Notes to the Consolidated Financial Statements
for the Year Ended 31 December 2015
The hedge accounting is discontinued when the hedging instrument expires, is exercised, sold or no longer effective. When discontinuing fair value hedge accounting, the cumulative
fair value changes in carrying value of the hedged item arising from the hedged risk are amortized and recognized in income statement over the life of the hedged item from that date
of the hedge accounting is discontinued.
By taking into account the global and national economic outlook, market conditions, current and potential credit customers’ expectations and tendencies, and risks such as; interest
rate, liquidity and currency risks, the Group’s placements are focused on high yielding and low risk assets and safety principle has always been the top priority. Generally a pricing
policy aiming at high return is implemented in the long-term placements of the Group, and attention is paid to the maximum use of non-interest income generation opportunities. In
management of Financial Statements, this strategy is parallel to and acts within legal limits.
The primary objectives related to balance sheet components are set by the long-term plans shaped along with budgeting; and the Parent Bank takes the required positions against the
short-term currency, interest rates and price fluctuations in accordance with these plans and the course of the market conditions.
Foreign currency, interest rate and price fluctuations in the markets are monitored instantaneously. While taking positions, in addition to the legal limits, the Parent Bank’s own
transaction and control limits are also effectively monitored in order to avoid limit overrides.

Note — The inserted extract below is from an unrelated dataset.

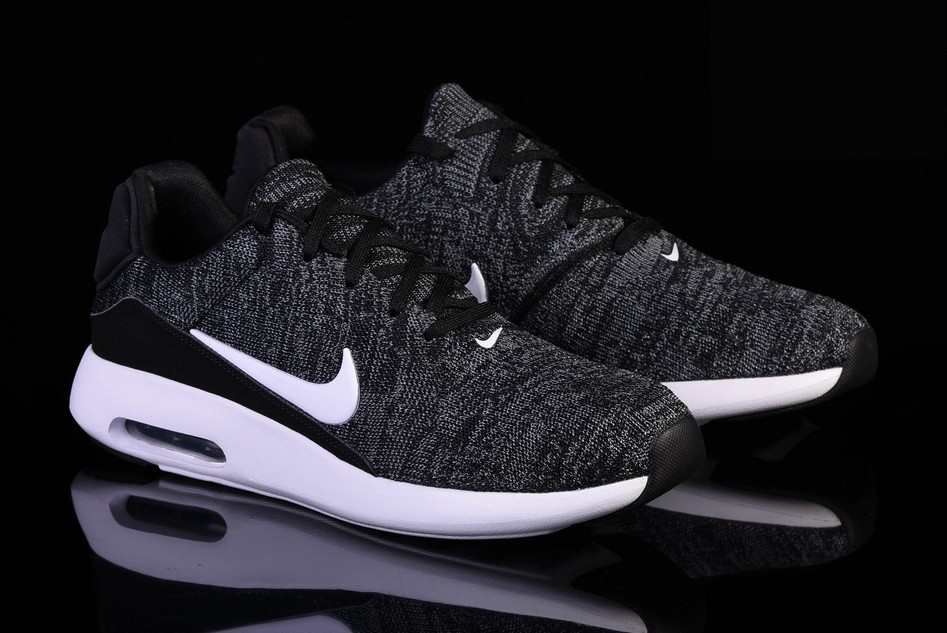 Фото № 4 с приближением к товару «‎Nike Air Max Modern Flyknit »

The Parent Bank’s asset-liability management is executed by the Asset-Liability Management Committee, within the risk limits determined by the Board of Directors, in order to keep
the liquidity risk, interest rate risk, currency risk and credit risk within certain limits depending on the equity adequacy and to maximize profitability.

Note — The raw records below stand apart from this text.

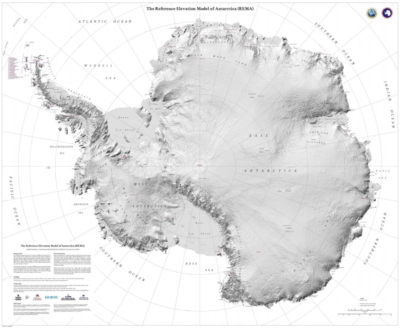 <p><strong>ANTARCTICA</strong></p> Example Image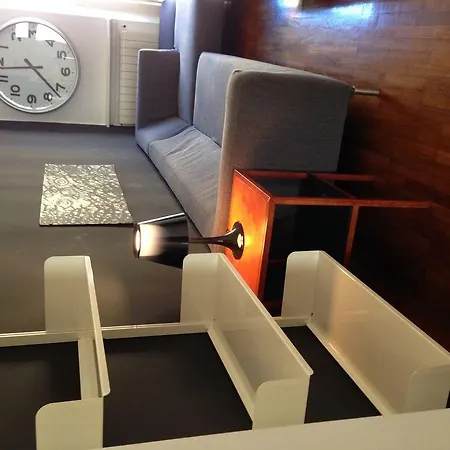 Apartment Corsocomootto Milan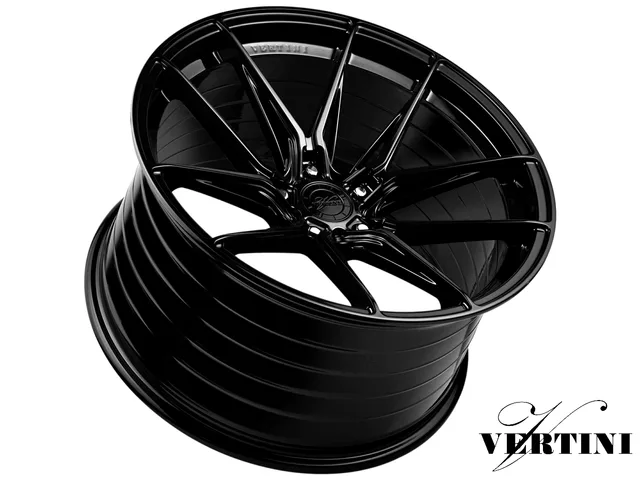 VERTINI RFS1.8 鋁圈 - 照片 1
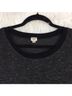 Wilfred Gray Long Sleeve T-Shirt Size L - photo 3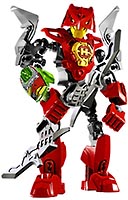 Набор LEGO 2191 ФУРНО 3.0
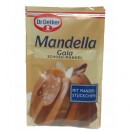 Dr. Oetker пудинг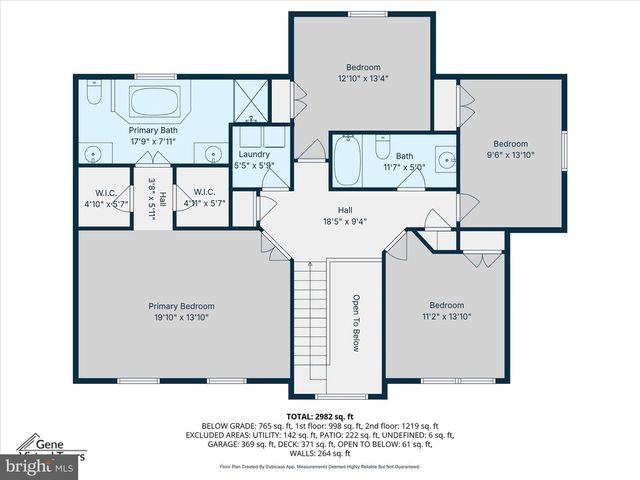 365 CROSS CREEK DR, Huntingtown, MD 20639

2. Foreign Currency Transactions
The financial statements of the Parent Bank’s branches and financial institutions that have been established abroad are prepared in functional currency prevailing in the economic
environment that they operate in; and when they are consolidated, they are presented in TL, which are the functional currency of the Parent Bank and also the currency used in
presentation of the financial statements.
Foreign currency monetary assets and liabilities on the balance sheet are converted into Turkish Lira by using the prevailing exchange rates at the balance sheet date. Non-monetary
items in foreign currencies carried at fair value are converted into Turkish Lira by the rates at the date of which the fair value is determined. Exchange rate differences arising from the
conversions of monetary foreign currency items and the collections of and payments in foreign currency transactions are reflected to the income statement. In accordance with TAS
21 “Effects of Changes In Foreign Exchange Rates”, net investments in non-domestic companies are considered as non-monetary items, measured on the basis of historical cost and
converted into Turkish Currency at the currency rates at the transaction date, and also in accordance with TAS 29 “Financial Reporting In Hyperinflationary Economics”, the inflation
adjusted value is calculated by using the inflation indices prevailing between the date of transaction and final date that the inflation adjustment is applied, 31 December 2004, and it is
accounted by allocating provision amounts for any permanent impairment losses.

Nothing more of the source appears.